Take the lines from the one containing "Supertrend Gümüş Gold" through the end of the material and write them out exactly, omitting pictures.

### PROVIDED MATERIAL

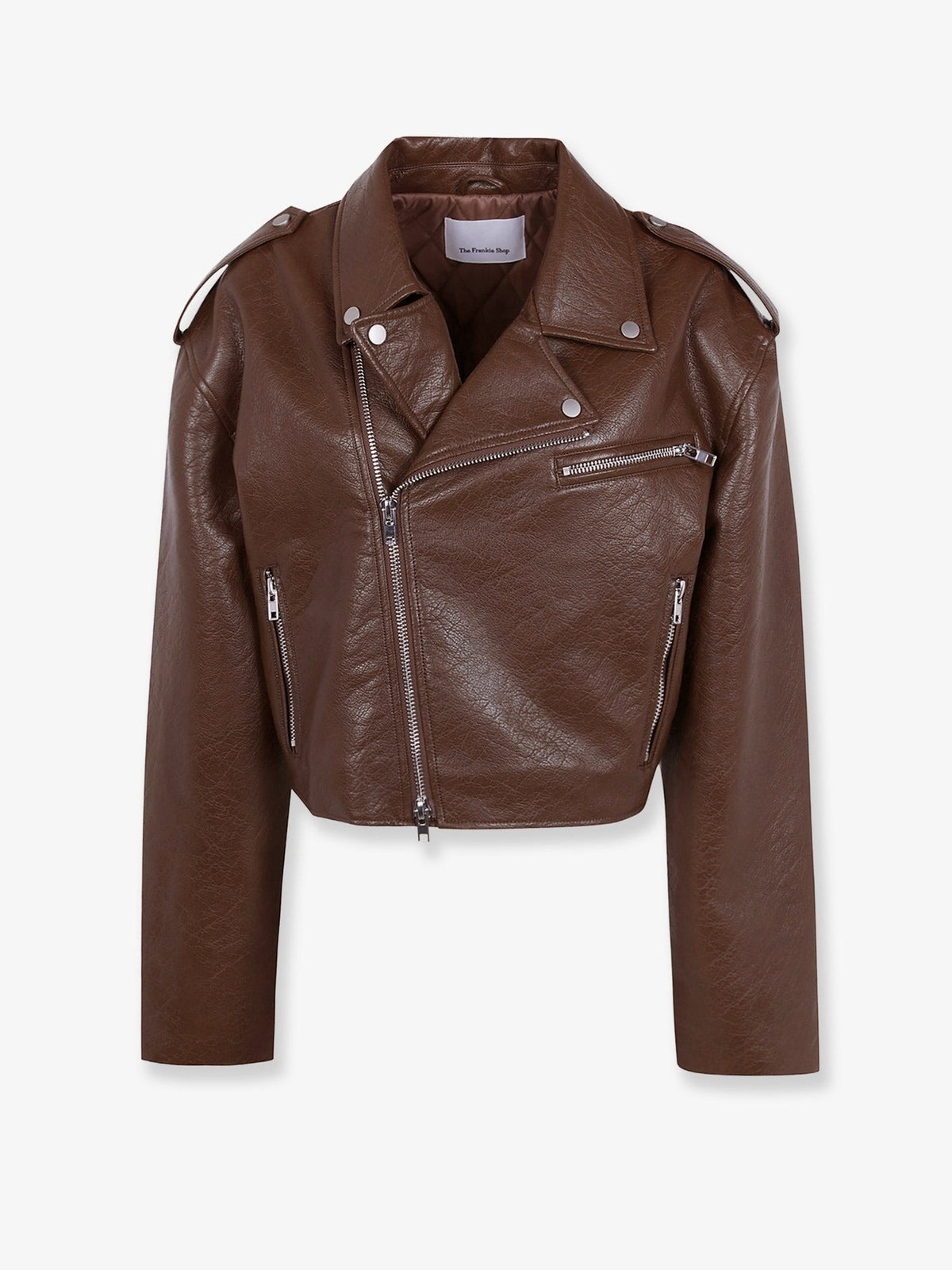 The Frankie Shop Women's Daphne Faux Leather Biker Jacket Brown
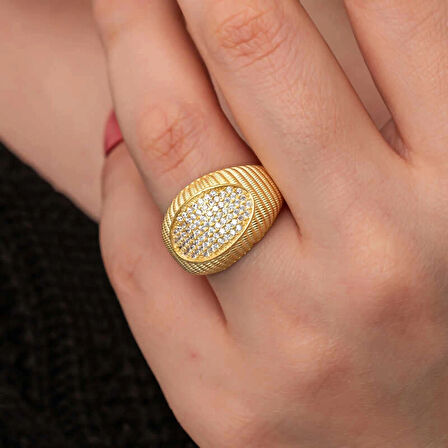 Supertrend Gümüş Gold Zirkon Taşlı Kadın Yüzük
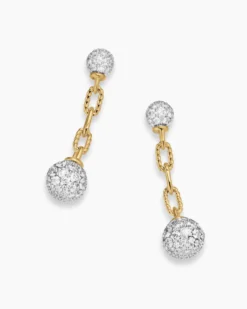 DY Madison® Pavé Bead Drop Earrings 18K Yellow Gold with Diamonds, 33mm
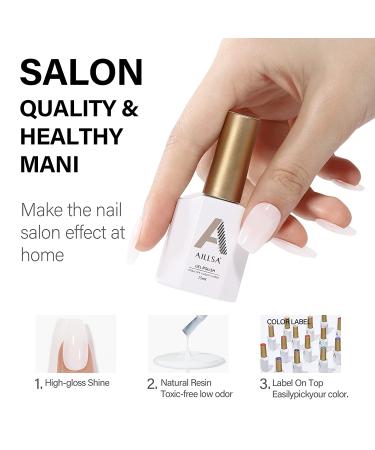 AILLSA Milky White Gel Nail Polish - 15ml Nude Milky Soak Off UV Gel Polish | Quick Dry Transparent Jelly Gel Nail Polish for Long Lasting Manicure DIY at Home - Buy Online on GoSupps.com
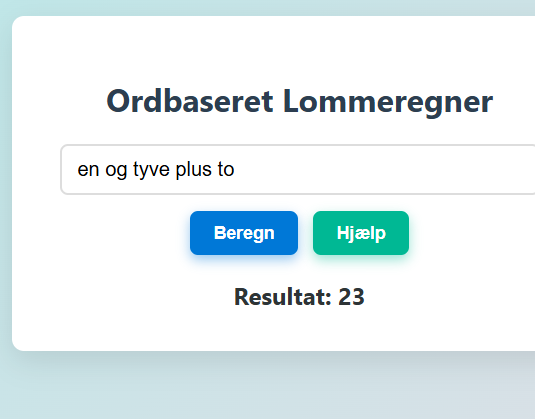 Tekst lommeregner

######

# ANSWER BELOW:
 Supertrend Gümüş Gold Zirkon Taşlı Kadın Yüzük
 DY Madison® Pavé Bead Drop Earrings 18K Yellow Gold with Diamonds, 33mm
 AILLSA Milky White Gel Nail Polish - 15ml Nude Milky Soak Off UV Gel Polish | Quick Dry Transparent Jelly Gel Nail Polish for Long Lasting Manicure DIY at Home - Buy Online on GoSupps.com
 Tekst lommeregner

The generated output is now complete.